A teenager wrote about how teens use social media and it’s fascinating. It’s based off his experiences and observations of peers, so perhaps the sample size is limited, but it’s well written and insightful in connecting human psyche to products. It’s worth a read, and if you’d like the TL:DR here it is…
- Nobody really shares on Facebook, but it’s weird to not be on it
- Everyone is on Instagram — it’s a high quality experience
- Few understand Twitter
- Teens like Snapchat because they can be themselves, they don’t really care about privacy or security
- Tumblr is about anonymity
- Yik Yak is great for schools and maybe not elsewhere
- Women use Pinterest
One thing I do wonder about is the premise of the article — the fascination the tech punditry have about teenagers, their behavior and what products they use. Knowing what teens like is good data of course, because they tend to be early adopters and can signal what everyone else will eventually use; moreover, they’ll grow older and eventually comprise the mass market.
However, their importance in the grand scheme of things is a little exaggerated. Teen obsession doesn’t always translate into to adult obsession.
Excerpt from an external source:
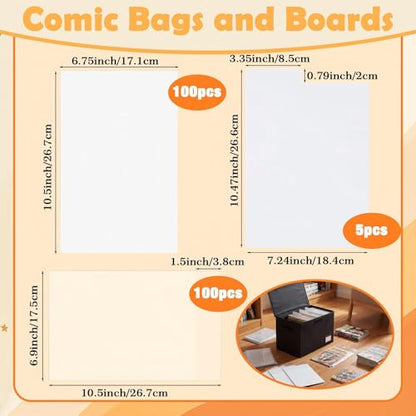 Novabright 207 Pieces Set of Comic Book Storage Set, Including 2 Comic Book Storage Boxes, 100 Bags, 100 Cardboard and 5 Dividers, Foldable with Handles, Suitable for Novel Collection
Off the top of my head: Pokémon, One Direction, Cancun and existential angst.
These social networks are probably linked to life stages. The same teens who are obsessed with getting the latest gossip from their classmates in Yik Yak may not care as much when they are working full-time jobs and raising a family.
The teens who are reticent to share to Facebook may do so more as adults. You care less about who sees what — because the photos you’re posting are all boring holiday and baby photos anyway — and more about reaching as many friends and yes, even relatives as possible.
Users are visiting Facebook more frequently, and staying on the site longer. The Pew study found that 70 percent of Facebook users engage with the site daily—up from 63 percent in 2013. By comparison, the percentage of Instagram and Pinterest users who engage with those social networks did not change significantly from the previous year.
Some of that growth is driven by, gasp, older adults, but it’s strange to see that negatively. Sometimes, teens need to zig where adults zag, and that’s just fine.